**YOUR ASSIGNMENT**
Set down, word for word, the stretch of lines from the one containing "Departamentul pentru Situații" to the end of the records below.

(Web page caption snippets)
# # #

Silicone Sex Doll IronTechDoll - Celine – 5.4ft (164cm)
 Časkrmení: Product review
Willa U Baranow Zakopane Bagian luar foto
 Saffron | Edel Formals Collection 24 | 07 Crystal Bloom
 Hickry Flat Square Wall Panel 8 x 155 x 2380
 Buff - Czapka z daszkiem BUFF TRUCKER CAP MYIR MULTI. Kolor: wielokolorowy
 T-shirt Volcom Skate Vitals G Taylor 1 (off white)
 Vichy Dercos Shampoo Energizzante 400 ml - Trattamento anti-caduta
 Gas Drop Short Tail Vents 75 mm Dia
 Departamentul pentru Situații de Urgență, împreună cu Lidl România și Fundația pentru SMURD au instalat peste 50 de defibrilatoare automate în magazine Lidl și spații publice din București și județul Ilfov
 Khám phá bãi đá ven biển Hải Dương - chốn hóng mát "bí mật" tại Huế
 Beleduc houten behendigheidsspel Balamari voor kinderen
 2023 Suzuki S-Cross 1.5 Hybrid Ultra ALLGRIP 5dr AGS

# # #

**RESPONSE FOR THIS EXERCISE**
 Departamentul pentru Situații de Urgență, împreună cu Lidl România și Fundația pentru SMURD au instalat peste 50 de defibrilatoare automate în magazine Lidl și spații publice din București și județul Ilfov
 Khám phá bãi đá ven biển Hải Dương - chốn hóng mát "bí mật" tại Huế
 Beleduc houten behendigheidsspel Balamari voor kinderen
 2023 Suzuki S-Cross 1.5 Hybrid Ultra ALLGRIP 5dr AGS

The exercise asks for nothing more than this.